Rachael from pizzarossa was our lovely June 2013 Daring Bakers’ host and she had us whipping up delicious pies in our kitchens! Cream pies, fruit pies, chocolate pies, even crack pies! There’s nothing like pie! 🙂
As promised, the third and final installment of this month’s Daring Bakers pie challenge. I think my inner chocolate lover unconsciously saved the best for last. (Part I and Part II, for your reading pleasure.)
This tart has a buttery, crisp pastry shell, a thin layer of deeply flavoured caramel, and a thicker layer of dark and velvety smooth chocolate mousse. It is pretty decadent but so worth it. I added some ground hazelnuts to the crust and topped the finished tart with hazelnuts dipped in caramel for added drama. Not that a tart this good needs extra drama, but the fact that I lead a fairly drama-free life makes me feel the need to bring the drama sometimes – if only to dessert.
Other than the candied hazelnuts, creating this tart is easy-peasy. You make an egg and sugar-enriched pâté sablée crust and blind bake it. You cook some sugar until it caramelizes, then add cream – which gets exciting with some violent bubbling, but no big deal – and BAM! you’ve got caramel. You mix together eggs, cream, and melted chocolate, layer it in the pastry shell over the caramel, and bake it. Let it cool and serve it to anyone you want to impress, because this will impress them like whoa.
And if you too want to bring the drama, you can make candied hazelnuts. You’ve already made caramel once today, why not do it again? This time, make sure you don’t walk away from it, only to be brought back to the stove by the scent of burning sugar. Yeah, that was a fun pot to clean… Also, don’t try this on a humid day. It’s been raining here for what feels like weeks, and within a few hours, my beautiful caramel creations were starting to melt as they absorbed all the moisture in the air. But they served their purpose (DRAMA!) long enough to take a picture, and they tasted just as good in their half-melted state.
Thanks for introducing me to this recipe Rachael – soooo good!
Chocolate and Caramel Tart with Hazelnuts
Pâté sablée recipe adapted from Chef Simon, filling from Valéry Drouet’s Chocolat. Candied hazelnuts adapted from De La Casa and Martha Stewart. Makes one 9 or 10″ round tart, about 8 servings. (Note: If my tart looks smaller than 9 or 10″ to you, that’s because it is – I scaled-down this recipe to make a smaller 8″ tart, as seen in the pictures.)
Hazelnut Pâté Sablée
In a medium bowl, whisk together:
1 1/2 cups all purpose flour
1/4 cup ground hazelnuts
pinch of salt
9 tbsp (1/2 cup + 1 tbsp) cold unsalted butter, diced
Toss the butter in the flour to coat it, then get in there with your hands and rub the butter into the flour (more squishing than rubbing actually) until it looks like wet sand (sablée means sandy). If you hands are super warm and are just melting the butter, you can do this with a pastry cutter or in a food processor. Set aside.

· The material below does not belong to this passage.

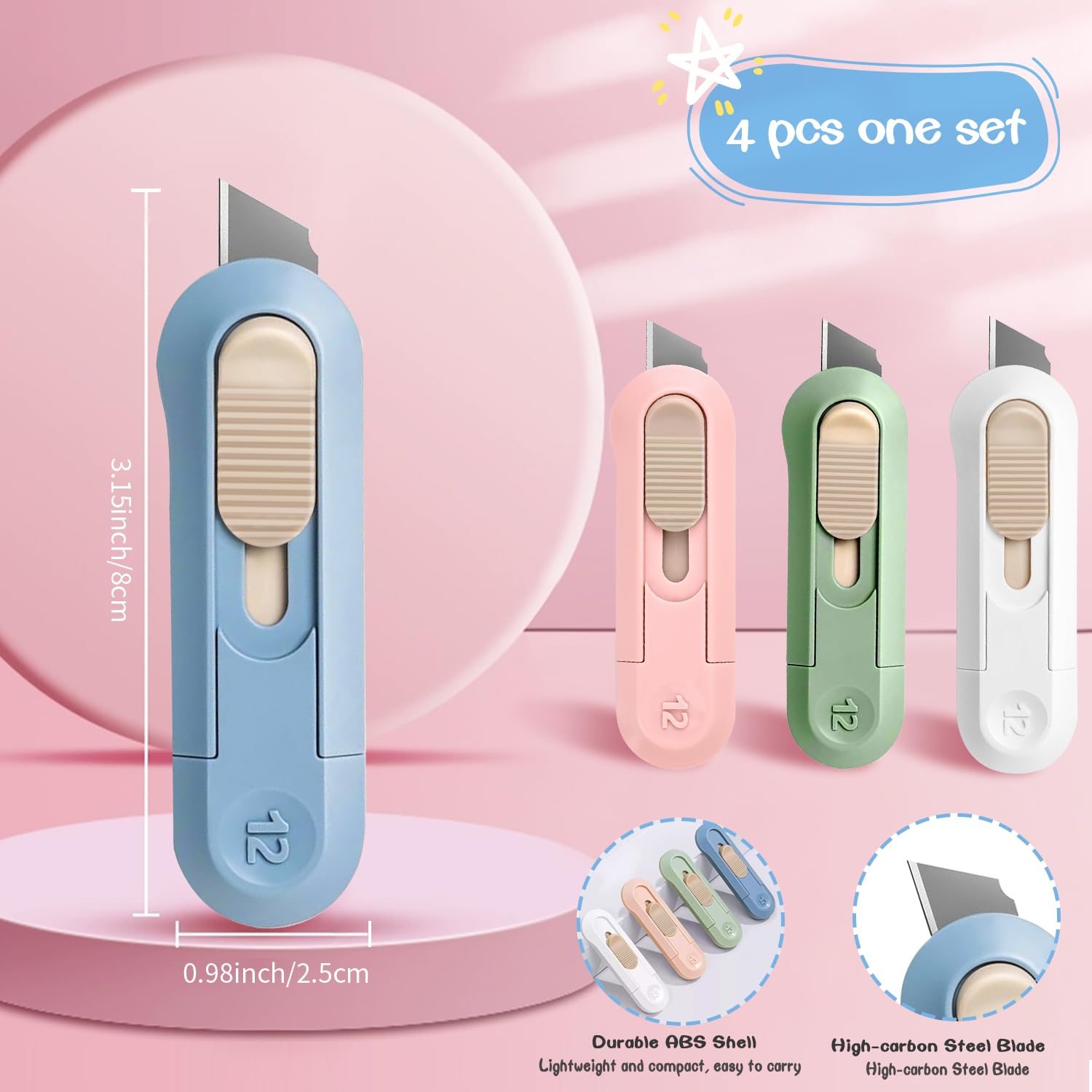 4pcs Retractable Utility Knife, Portable Expandable Mini Box Cutter for Envelopes, Cardboard, Packages| Safe Office & Home Craft Tool, Gift Set with Blade Storage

In a small bowl, whisk together until thick and pale yellow:
1 egg yolk
5 tbsp icing sugar
1 tsp water
Make a well in the center of the sandy flour and pour in the egg mixture plus 2 1/2 tbsp ice water. With a fork, fold/toss it all around until it begins to clump together.
Turn the pastry out onto a lightly floured surface, gather it into a loose ball, and frissage it by smearing the dough across the work surface with the heel of your hand. In this case, you are working the mixture into a cohesive dough without developing the gluten. Gather up the dough and repeat once or twice, until you have a smooth, soft dough. Wrap the dough in plastic and chill for 30 minutes (or overnight, or freeze it in a Ziplock bag for later).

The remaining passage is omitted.